- **Exercise description**
From the line that includes "Termo de Yemayá" to the last line of the records that follow, copy every line exactly and nothing more, omitting pictures.
*** Opening Provided material ***
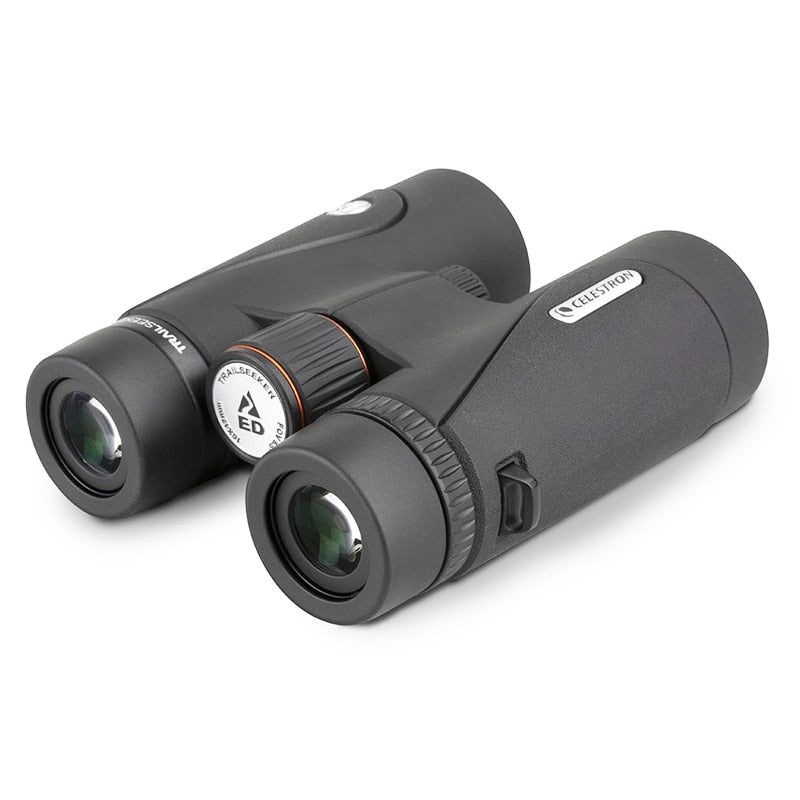 Celestron Trailseeker 10x42 ED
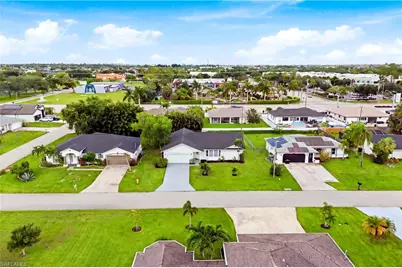 256 SE Santa Barbara Pl, Cape Coral, FL 33990 - Photo 47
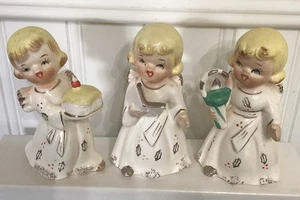 Vintage 50er Jahre Weihnachten Dezember Engel Mädchen hält Kuchen, Korb, Buch - Bild 1 von 11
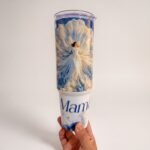 Termo de Yemayá de 40 oz con asa, diseño de Yemayá entre las olas y la palabra «Mamá»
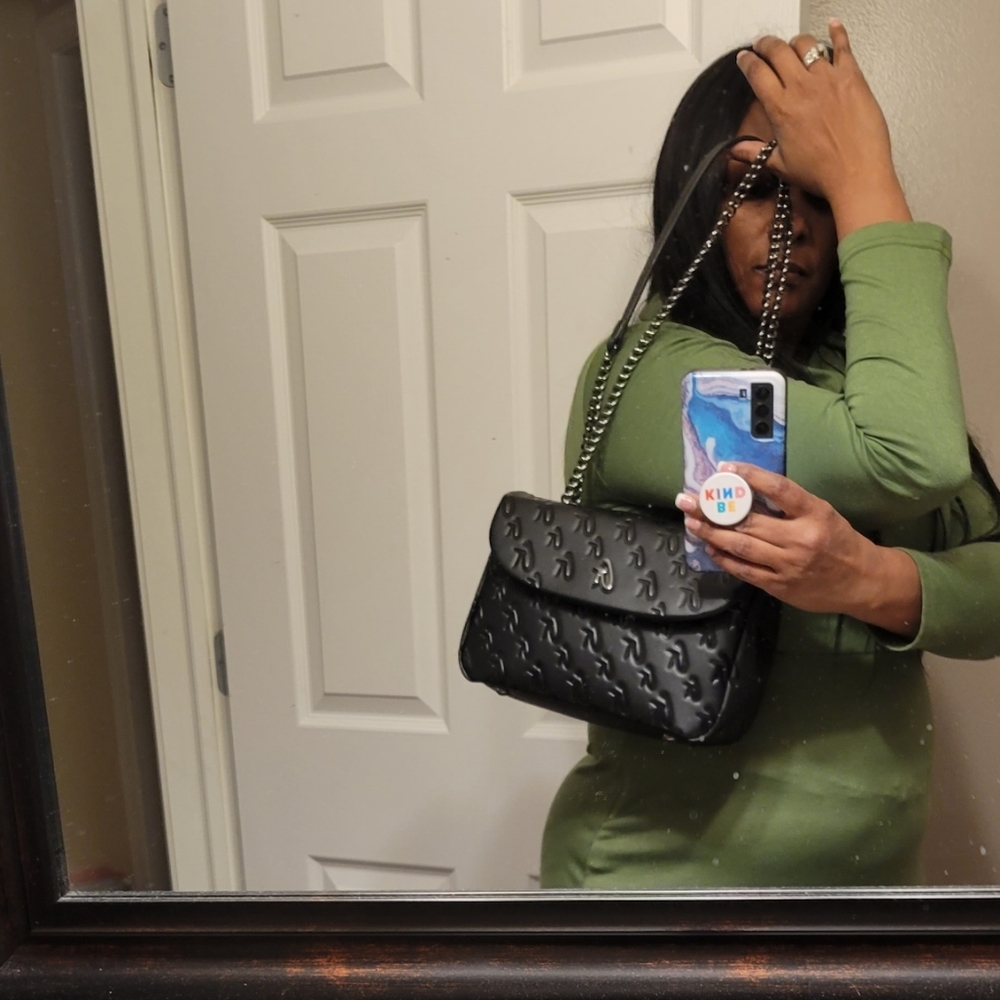 Glamaholics medium monogram flap bag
*** Closing Provided material ***
- **Written reply**
 Termo de Yemayá de 40 oz con asa, diseño de Yemayá entre las olas y la palabra «Mamá»
 Glamaholics medium monogram flap bag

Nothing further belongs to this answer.